Stored entries

*****

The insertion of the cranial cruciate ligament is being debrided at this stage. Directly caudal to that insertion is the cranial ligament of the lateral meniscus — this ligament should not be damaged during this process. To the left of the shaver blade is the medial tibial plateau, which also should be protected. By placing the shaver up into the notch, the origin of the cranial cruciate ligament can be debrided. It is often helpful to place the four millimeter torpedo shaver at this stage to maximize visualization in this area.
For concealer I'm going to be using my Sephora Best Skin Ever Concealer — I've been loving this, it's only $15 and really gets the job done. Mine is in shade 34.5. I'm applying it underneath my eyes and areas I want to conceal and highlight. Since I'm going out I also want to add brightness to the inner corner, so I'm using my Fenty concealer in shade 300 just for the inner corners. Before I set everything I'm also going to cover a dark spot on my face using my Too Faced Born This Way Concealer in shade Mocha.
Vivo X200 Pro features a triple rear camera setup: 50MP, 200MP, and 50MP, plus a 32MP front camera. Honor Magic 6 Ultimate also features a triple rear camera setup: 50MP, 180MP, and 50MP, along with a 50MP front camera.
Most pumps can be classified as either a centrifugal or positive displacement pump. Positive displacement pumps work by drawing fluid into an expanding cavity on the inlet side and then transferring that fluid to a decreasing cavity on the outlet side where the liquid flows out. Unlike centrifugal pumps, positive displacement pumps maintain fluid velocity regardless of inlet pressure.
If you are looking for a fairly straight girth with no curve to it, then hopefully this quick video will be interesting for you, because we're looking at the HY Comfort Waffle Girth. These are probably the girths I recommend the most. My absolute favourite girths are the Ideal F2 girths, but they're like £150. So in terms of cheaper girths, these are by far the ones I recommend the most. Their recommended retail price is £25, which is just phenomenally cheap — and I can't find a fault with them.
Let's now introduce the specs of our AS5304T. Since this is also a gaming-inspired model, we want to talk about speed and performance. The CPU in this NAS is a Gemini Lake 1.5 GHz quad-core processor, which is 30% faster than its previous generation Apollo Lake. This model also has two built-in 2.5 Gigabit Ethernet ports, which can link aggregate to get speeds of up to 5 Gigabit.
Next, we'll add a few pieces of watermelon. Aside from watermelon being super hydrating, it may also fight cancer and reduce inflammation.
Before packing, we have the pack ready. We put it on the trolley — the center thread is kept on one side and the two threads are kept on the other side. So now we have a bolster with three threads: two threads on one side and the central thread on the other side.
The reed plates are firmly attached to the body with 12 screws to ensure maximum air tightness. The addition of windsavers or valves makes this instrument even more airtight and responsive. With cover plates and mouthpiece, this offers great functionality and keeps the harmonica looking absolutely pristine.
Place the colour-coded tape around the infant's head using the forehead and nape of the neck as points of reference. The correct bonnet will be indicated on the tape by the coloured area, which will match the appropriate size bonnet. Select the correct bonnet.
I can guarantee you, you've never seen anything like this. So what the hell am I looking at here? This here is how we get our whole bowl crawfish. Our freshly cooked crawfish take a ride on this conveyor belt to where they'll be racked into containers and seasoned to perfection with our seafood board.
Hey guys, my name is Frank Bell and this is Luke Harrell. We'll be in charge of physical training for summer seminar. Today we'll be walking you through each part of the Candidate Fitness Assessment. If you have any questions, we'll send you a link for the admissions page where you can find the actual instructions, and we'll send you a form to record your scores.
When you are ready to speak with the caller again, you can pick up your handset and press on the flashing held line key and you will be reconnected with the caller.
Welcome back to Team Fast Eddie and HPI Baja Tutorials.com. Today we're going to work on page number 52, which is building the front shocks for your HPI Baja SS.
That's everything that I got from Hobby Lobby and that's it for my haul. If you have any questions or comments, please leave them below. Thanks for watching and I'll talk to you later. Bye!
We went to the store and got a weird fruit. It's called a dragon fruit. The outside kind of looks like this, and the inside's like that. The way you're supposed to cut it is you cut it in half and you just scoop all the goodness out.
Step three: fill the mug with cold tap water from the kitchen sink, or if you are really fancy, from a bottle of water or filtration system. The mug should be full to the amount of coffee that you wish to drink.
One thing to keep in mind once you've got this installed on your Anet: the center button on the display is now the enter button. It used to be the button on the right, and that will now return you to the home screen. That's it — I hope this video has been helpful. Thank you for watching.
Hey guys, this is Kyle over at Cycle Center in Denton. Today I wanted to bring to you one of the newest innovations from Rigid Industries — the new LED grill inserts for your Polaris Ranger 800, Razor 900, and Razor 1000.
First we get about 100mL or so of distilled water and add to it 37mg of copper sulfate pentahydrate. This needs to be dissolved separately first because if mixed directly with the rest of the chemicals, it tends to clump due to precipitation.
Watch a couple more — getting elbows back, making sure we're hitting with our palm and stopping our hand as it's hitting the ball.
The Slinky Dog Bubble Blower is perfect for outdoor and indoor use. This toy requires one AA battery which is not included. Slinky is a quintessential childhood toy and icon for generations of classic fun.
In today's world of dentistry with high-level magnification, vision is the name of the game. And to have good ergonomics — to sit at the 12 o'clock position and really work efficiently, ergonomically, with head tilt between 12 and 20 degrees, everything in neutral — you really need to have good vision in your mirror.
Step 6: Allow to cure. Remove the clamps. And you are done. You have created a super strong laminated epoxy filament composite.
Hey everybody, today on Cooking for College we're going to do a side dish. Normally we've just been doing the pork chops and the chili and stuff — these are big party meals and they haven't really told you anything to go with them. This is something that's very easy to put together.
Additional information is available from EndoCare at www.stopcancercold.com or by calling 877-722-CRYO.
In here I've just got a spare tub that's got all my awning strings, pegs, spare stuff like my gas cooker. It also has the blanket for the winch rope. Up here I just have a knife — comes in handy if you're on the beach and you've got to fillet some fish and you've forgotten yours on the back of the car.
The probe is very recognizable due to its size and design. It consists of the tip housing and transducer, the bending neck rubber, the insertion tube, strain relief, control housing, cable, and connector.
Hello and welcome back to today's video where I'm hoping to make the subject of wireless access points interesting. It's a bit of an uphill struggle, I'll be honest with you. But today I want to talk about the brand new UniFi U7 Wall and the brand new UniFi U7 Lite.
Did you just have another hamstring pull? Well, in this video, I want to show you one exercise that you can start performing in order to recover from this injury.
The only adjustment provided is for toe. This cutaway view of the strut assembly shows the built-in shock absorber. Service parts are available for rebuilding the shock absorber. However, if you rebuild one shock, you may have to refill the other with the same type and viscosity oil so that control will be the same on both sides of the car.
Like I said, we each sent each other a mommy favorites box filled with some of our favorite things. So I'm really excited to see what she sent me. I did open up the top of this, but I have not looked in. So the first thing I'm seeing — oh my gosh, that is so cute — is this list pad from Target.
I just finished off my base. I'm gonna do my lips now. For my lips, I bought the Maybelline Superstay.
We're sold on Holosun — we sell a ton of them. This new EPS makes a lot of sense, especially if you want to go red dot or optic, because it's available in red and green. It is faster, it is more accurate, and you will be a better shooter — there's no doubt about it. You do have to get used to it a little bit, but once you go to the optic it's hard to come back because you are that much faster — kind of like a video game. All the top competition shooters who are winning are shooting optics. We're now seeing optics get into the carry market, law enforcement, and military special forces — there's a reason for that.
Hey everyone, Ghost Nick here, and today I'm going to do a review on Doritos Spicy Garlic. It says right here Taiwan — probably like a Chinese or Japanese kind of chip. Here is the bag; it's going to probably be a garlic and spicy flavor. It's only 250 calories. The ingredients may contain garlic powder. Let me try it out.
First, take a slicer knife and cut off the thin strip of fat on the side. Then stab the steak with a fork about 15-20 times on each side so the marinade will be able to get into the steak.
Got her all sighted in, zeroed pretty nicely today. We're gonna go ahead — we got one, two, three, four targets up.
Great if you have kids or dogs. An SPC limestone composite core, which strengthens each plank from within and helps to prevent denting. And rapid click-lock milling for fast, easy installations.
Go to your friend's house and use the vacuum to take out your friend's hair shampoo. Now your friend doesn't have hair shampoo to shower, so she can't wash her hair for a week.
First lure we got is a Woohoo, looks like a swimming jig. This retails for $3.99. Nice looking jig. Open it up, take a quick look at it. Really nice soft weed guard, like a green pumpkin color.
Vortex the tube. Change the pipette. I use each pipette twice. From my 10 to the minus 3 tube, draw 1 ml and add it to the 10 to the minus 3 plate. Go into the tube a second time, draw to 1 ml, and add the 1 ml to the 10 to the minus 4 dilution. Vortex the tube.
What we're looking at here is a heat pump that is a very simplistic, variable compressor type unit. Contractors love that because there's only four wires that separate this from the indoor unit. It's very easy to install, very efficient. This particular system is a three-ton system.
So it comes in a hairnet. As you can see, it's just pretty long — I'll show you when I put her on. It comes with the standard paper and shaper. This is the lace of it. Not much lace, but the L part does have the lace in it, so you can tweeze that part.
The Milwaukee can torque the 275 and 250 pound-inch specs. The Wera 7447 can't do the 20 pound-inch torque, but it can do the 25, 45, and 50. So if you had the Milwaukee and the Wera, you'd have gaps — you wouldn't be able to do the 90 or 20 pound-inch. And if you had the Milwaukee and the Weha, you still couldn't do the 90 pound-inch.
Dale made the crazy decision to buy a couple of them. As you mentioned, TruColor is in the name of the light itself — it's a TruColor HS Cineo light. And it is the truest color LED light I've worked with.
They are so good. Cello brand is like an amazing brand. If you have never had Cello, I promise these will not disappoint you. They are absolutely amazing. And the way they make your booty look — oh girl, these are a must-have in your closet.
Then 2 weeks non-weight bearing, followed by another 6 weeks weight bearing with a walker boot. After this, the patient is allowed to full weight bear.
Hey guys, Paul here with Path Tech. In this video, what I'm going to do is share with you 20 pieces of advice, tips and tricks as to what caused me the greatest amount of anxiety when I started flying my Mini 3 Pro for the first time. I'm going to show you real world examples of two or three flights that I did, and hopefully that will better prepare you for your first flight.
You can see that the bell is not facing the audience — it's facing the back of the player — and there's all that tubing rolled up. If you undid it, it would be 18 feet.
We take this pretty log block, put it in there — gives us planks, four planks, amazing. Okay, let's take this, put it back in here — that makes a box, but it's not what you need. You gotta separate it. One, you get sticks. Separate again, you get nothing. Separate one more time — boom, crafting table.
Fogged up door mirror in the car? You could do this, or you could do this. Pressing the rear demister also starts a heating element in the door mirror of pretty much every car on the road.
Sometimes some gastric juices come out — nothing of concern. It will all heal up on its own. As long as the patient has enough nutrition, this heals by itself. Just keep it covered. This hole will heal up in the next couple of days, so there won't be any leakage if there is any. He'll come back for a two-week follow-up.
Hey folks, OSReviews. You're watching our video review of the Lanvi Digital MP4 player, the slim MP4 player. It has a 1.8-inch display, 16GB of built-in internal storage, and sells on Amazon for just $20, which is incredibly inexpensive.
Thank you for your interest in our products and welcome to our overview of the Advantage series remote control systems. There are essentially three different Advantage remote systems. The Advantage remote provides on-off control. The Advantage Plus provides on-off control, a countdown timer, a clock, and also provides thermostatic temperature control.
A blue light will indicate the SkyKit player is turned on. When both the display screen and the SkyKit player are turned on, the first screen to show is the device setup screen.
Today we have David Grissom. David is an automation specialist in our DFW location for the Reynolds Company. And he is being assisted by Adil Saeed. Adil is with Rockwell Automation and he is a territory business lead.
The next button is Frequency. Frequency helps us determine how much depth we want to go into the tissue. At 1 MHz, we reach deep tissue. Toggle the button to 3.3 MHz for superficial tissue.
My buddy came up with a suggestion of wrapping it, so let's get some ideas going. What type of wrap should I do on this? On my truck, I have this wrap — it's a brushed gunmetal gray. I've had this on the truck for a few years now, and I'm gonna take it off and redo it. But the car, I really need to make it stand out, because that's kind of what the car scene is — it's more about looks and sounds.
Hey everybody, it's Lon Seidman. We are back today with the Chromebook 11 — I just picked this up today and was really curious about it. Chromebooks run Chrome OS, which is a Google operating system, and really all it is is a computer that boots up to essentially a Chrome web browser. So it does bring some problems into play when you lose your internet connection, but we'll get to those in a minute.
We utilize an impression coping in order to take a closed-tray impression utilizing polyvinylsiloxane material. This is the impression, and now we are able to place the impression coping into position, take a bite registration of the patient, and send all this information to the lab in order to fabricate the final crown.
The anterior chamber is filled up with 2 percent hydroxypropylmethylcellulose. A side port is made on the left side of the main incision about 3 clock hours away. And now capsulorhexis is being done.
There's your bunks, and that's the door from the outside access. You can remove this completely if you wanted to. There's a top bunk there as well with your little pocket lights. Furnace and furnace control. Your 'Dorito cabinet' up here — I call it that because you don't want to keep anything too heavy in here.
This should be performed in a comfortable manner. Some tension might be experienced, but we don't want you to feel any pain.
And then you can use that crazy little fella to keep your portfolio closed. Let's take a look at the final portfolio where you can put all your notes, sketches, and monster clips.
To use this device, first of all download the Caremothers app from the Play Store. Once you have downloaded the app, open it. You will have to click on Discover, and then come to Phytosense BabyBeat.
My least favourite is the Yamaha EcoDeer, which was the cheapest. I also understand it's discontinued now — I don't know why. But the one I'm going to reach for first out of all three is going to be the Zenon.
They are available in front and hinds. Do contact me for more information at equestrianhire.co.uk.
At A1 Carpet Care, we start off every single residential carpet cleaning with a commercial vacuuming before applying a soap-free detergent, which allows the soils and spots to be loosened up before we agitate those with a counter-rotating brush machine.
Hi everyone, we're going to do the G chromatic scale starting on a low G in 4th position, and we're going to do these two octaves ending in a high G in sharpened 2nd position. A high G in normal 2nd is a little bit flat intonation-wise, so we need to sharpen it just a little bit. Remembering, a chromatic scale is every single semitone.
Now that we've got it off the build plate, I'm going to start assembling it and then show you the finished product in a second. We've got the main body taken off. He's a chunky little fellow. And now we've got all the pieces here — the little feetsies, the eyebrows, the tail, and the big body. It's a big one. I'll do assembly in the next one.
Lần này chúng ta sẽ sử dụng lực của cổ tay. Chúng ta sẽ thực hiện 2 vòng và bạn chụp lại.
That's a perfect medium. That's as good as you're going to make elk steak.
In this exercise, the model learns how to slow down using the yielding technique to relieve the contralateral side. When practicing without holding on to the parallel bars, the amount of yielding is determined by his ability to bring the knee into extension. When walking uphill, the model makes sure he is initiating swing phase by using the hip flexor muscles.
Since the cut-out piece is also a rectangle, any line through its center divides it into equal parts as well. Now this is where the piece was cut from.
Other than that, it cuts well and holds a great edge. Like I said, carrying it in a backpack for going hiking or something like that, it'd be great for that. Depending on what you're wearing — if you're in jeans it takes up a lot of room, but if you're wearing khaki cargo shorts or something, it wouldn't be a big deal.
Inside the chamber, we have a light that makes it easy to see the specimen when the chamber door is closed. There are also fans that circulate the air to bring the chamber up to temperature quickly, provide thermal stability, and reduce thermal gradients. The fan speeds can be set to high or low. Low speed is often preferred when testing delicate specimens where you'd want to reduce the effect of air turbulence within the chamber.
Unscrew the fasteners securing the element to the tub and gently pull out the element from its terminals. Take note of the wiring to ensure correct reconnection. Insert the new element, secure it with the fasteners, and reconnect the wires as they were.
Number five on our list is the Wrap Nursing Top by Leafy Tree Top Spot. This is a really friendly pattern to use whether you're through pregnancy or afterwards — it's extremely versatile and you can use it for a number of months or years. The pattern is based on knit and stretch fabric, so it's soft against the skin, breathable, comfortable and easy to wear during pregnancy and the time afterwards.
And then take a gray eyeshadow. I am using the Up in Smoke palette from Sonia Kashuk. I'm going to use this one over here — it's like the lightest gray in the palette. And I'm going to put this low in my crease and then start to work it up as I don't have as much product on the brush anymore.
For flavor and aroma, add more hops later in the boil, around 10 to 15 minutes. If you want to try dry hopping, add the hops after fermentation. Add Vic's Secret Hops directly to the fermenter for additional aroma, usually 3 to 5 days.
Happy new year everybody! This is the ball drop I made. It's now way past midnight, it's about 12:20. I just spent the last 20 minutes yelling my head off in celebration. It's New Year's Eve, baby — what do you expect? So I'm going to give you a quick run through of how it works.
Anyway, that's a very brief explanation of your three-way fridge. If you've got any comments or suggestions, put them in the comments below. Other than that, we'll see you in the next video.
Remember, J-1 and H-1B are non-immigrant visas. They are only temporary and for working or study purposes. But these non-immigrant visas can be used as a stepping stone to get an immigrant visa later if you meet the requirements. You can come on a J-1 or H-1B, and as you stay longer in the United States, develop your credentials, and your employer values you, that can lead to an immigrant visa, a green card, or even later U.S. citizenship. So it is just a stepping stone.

*****

** Instructions to follow **
From the entries above, return exactly the line containing "Number five on", the line containing "Anyway, that's a", and all lines between, and nothing else.

** The answer **
Number five on our list is the Wrap Nursing Top by Leafy Tree Top Spot. This is a really friendly pattern to use whether you're through pregnancy or afterwards — it's extremely versatile and you can use it for a number of months or years. The pattern is based on knit and stretch fabric, so it's soft against the skin, breathable, comfortable and easy to wear during pregnancy and the time afterwards.
And then take a gray eyeshadow. I am using the Up in Smoke palette from Sonia Kashuk. I'm going to use this one over here — it's like the lightest gray in the palette. And I'm going to put this low in my crease and then start to work it up as I don't have as much product on the brush anymore.
For flavor and aroma, add more hops later in the boil, around 10 to 15 minutes. If you want to try dry hopping, add the hops after fermentation. Add Vic's Secret Hops directly to the fermenter for additional aroma, usually 3 to 5 days.
Happy new year everybody! This is the ball drop I made. It's now way past midnight, it's about 12:20. I just spent the last 20 minutes yelling my head off in celebration. It's New Year's Eve, baby — what do you expect? So I'm going to give you a quick run through of how it works.
Anyway, that's a very brief explanation of your three-way fridge. If you've got any comments or suggestions, put them in the comments below. Other than that, we'll see you in the next video.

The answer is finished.